### WHAT THIS TASK INVOLVES
Within the records below, find the line with "If the bandwidth" and the line with "Well, this is", then reproduce exactly those two lines and all lines between them, without any picture.

Stored items:
★ ★ ★ ★ ★
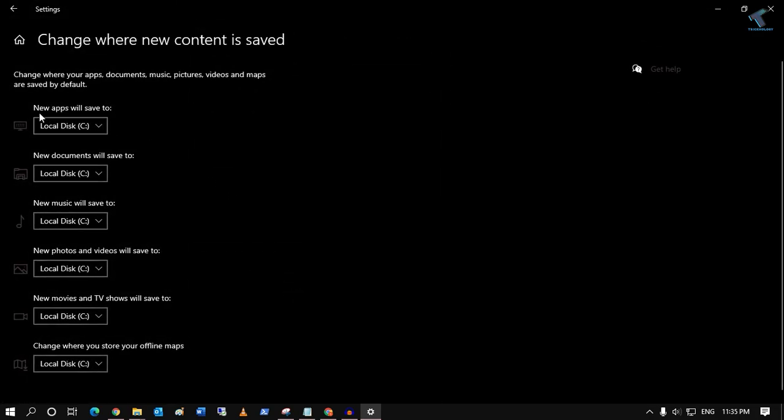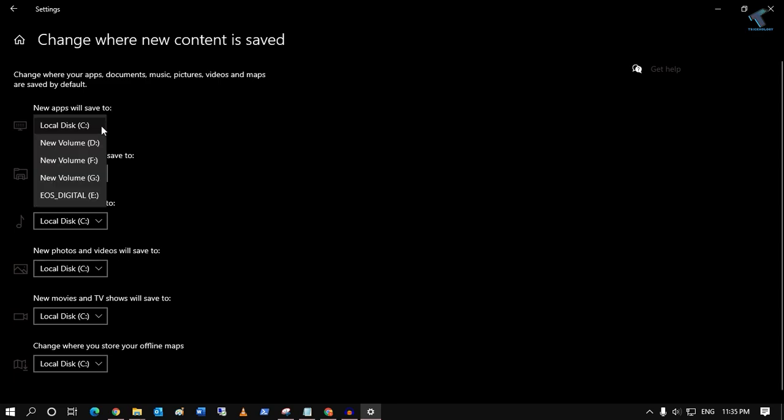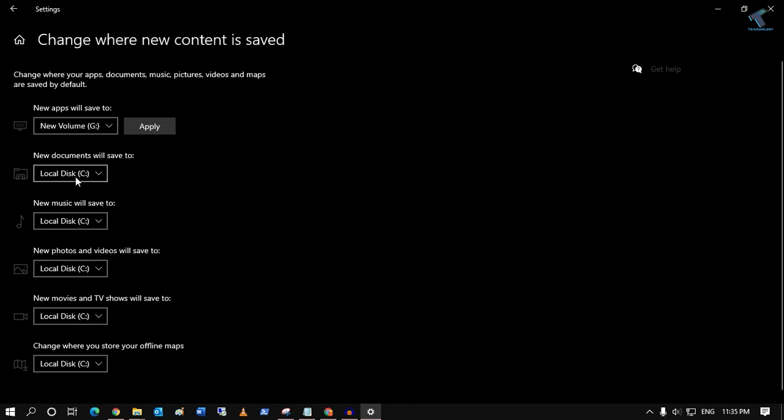From here you'll get the option 'New apps will save to'. You can change the location to drives like D, F, or G—any of your drives. In this case, I'll select G and then click Apply.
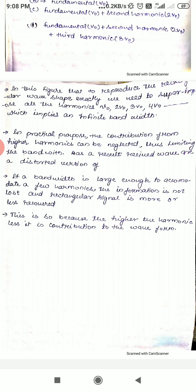If the bandwidth is large enough to accommodate a few harmonics, the information is not lost and the rectangular signal is more or less recovered. This is because higher harmonics contribute less and less to the waveform shape, so practically limiting the bandwidth still allows adequate signal recovery.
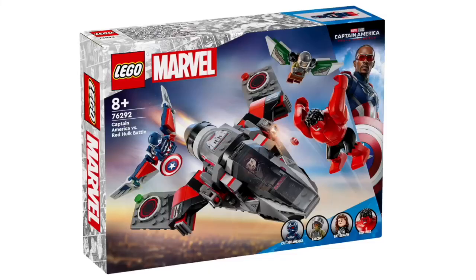Well, this is a surprise. I just learned about these leaks a few hours before uploading this video. Here we have official pictures of sets for Captain America Brave New World, starting with the Captain America vs Red Hulk battle set retailing for $55, which is a bit hefty for a price tag, but the minifigures make up for it.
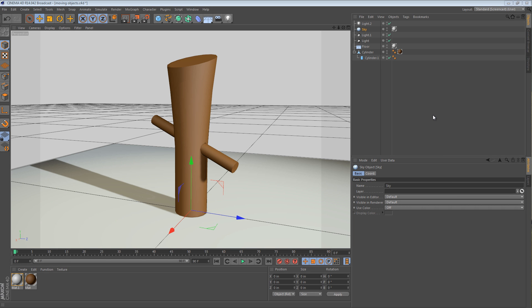Hi, and welcome to another 5-minute tip. In this tip, we're going to be looking at positioning objects to the position of another object that's already in the scene.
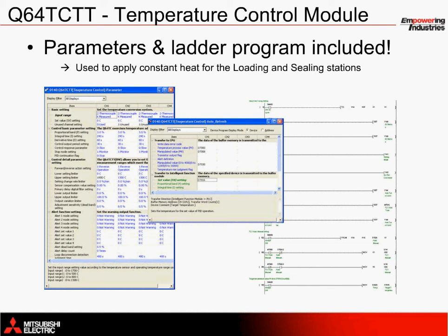The filling application solution comes complete with parameter settings and ladder programming code for setting up a temperature channel with the Q64TCTT. This code also provides a convenient template for any other type of temperature control and can be applied in a variety of different applications.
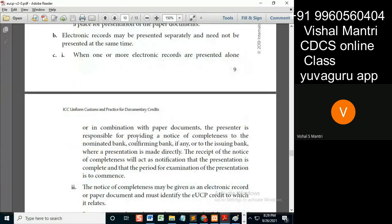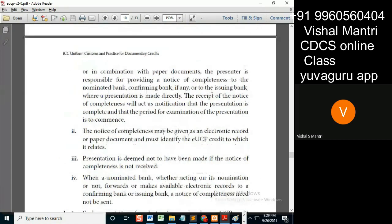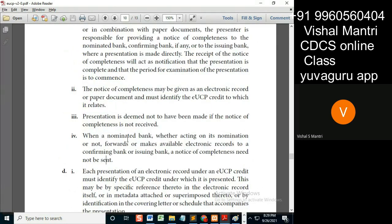If the beneficiary or their agent submits the documents to any bank — issuing, confirming, or nominated — then a notice of completeness is required. But if the nominated bank presents the documents to the confirming or issuing bank, the notice of completeness is not required, because it is bank-to-bank. The other case is outside the banking system.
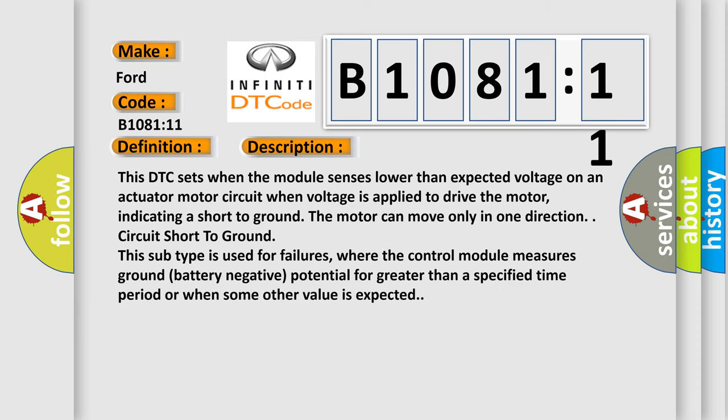This DTC sets when the module senses lower than expected voltage on an actuator motor circuit when voltage is applied to drive the motor, indicating a short to ground. The motor can move only in one direction. Circuit short to ground. This subtype is used for failures where the control module measures ground battery negative potential for greater than a specified time period or when some other value is expected.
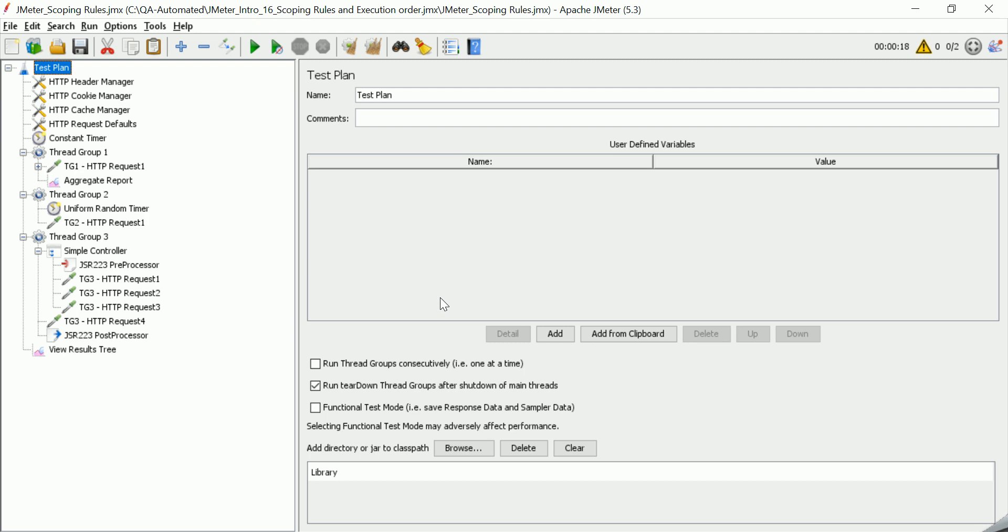Hello everyone, welcome to QAautomated.com. This is Anujat. Today in this video we are going to learn about JMeter scoping rules, how the execution order is achieved in JMeter, and how you can define the way you want to expect your execution order to be.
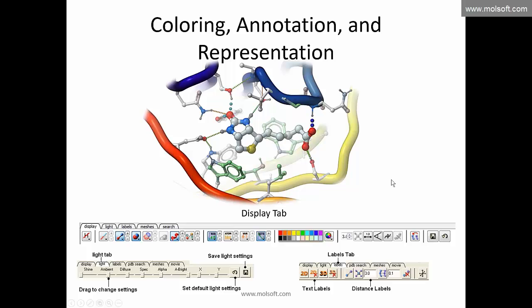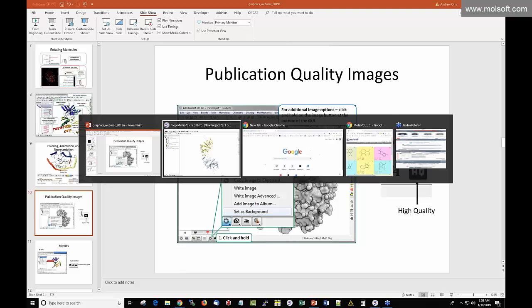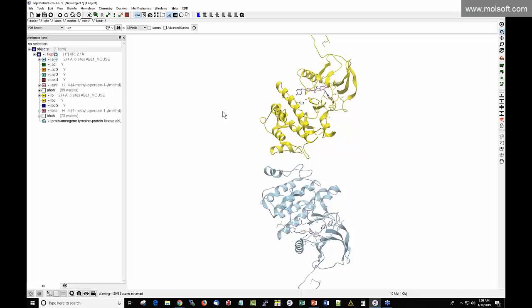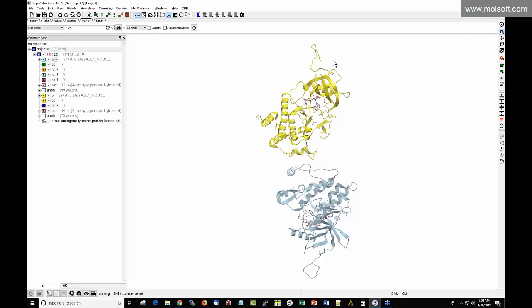Our structure 1IEP has two chains — chain A (blue) and chain B (yellow). The colors in the workspace match the graphical display. I loaded this by going to PDB search and typing 1IEP. Since we're only interested in the A chain, I'll undisplay all molecules in chain B.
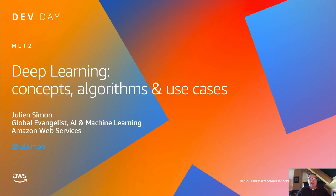Hi everybody! Welcome to this webinar on deep learning. If you have any questions please submit them in the questions pane in the control panel and I will answer them at the end. A copy of today's slides can be found in the handout tab on the control panel as well and you will receive a copy of the recording in a follow-up email after the event.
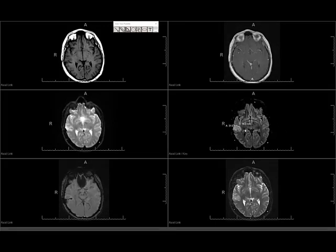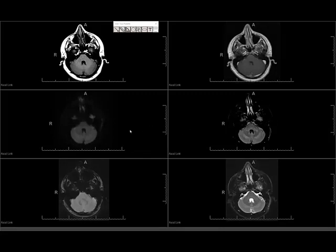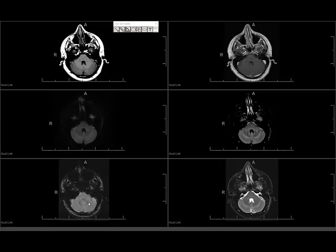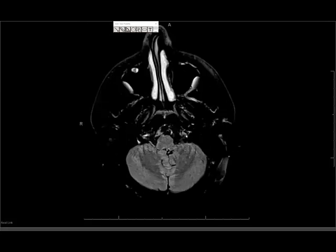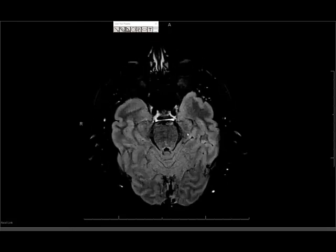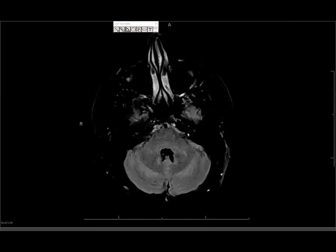I always start with the FLAIR sequence, though some people like to start with the diffusion sequence. Either way is fine, because the majority of pathology can essentially be figured out on these two sequences. One advice: when you're starting off, please don't scroll too fast. I see this done by residents all the time. You want to look at this sequence very, very slowly, looking at every image, particularly at your stage.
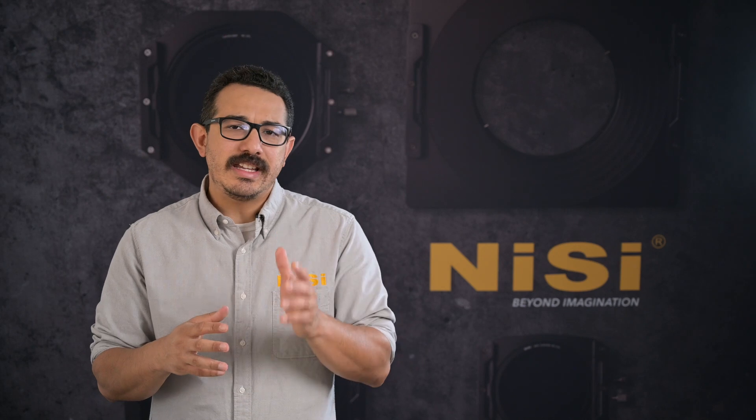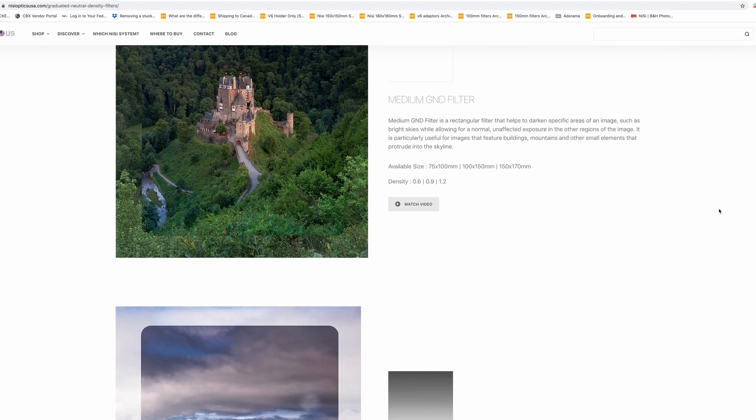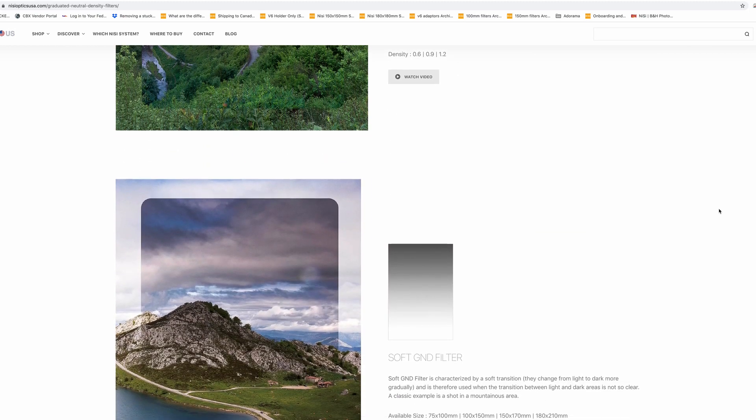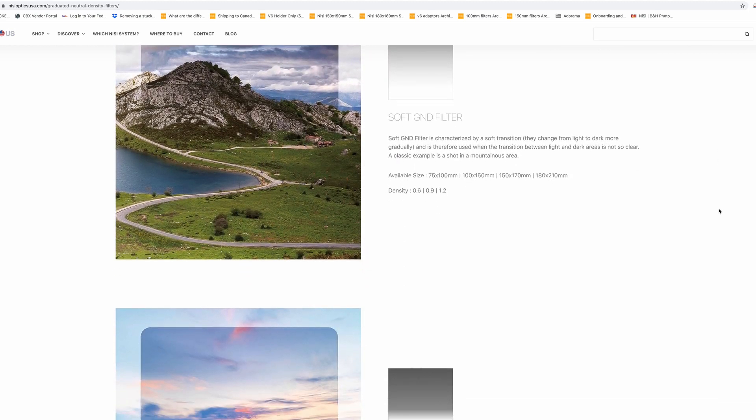An ND8 or a 3-stop is the most common graduated filter. However, experience will tell you if you need a lighter or darker density. All of our available grads can be viewed online at NisiOpticsUSA.com.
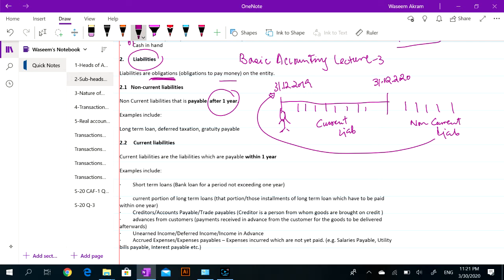If you have to pay an obligation after one year, then this is a non-current liability. And if the business has to pay an obligation within one year — if we are standing on 31st December and you have to pay in this area within one year — then this is a current liability.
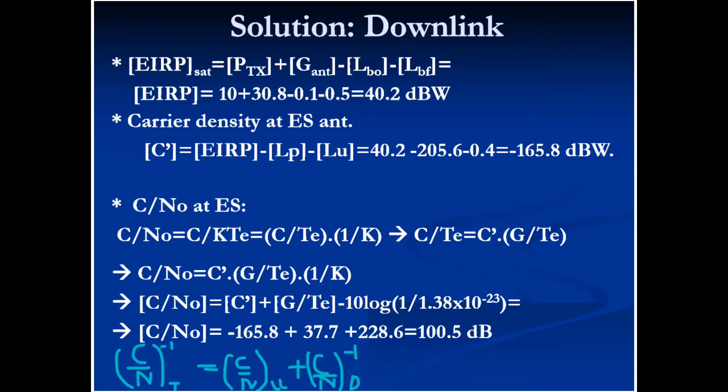Similarly for the downlink, substituting the given values we get C/N as 100.5 dB. We were also asked to calculate C/N total. Since the values are in dB, we convert to linear scale and apply: (C/N_total)⁻¹ = (C/N_uplink)⁻¹ + (C/N_downlink)⁻¹, then convert back to dB to obtain the total C/N.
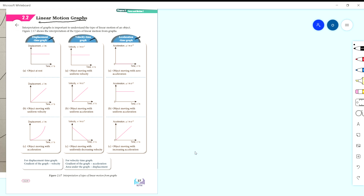First is the displacement-time graph — you can see from your textbook page 37. We have displacement against time. A straight line graph means the object is moving with uniform velocity — velocity tak berubah, sama je kat mana pun. A curve graph means the object is moving with acceleration — dia memecut, bertambah laju lagi dan lagi. Object at rest means displacement stays the same over time.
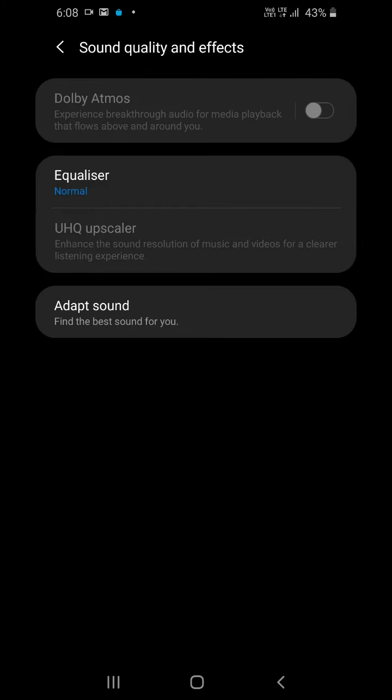It works only when your earphones are plugged in and there is also a very unique option of equalizer. When you plug in your earphones it will automatically display.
★ ★ ★ ★ ★
### YOUR RESPONSE
If the bandwidth is large enough to accommodate a few harmonics, the information is not lost and the rectangular signal is more or less recovered. This is because higher harmonics contribute less and less to the waveform shape, so practically limiting the bandwidth still allows adequate signal recovery.
Well, this is a surprise. I just learned about these leaks a few hours before uploading this video. Here we have official pictures of sets for Captain America Brave New World, starting with the Captain America vs Red Hulk battle set retailing for $55, which is a bit hefty for a price tag, but the minifigures make up for it.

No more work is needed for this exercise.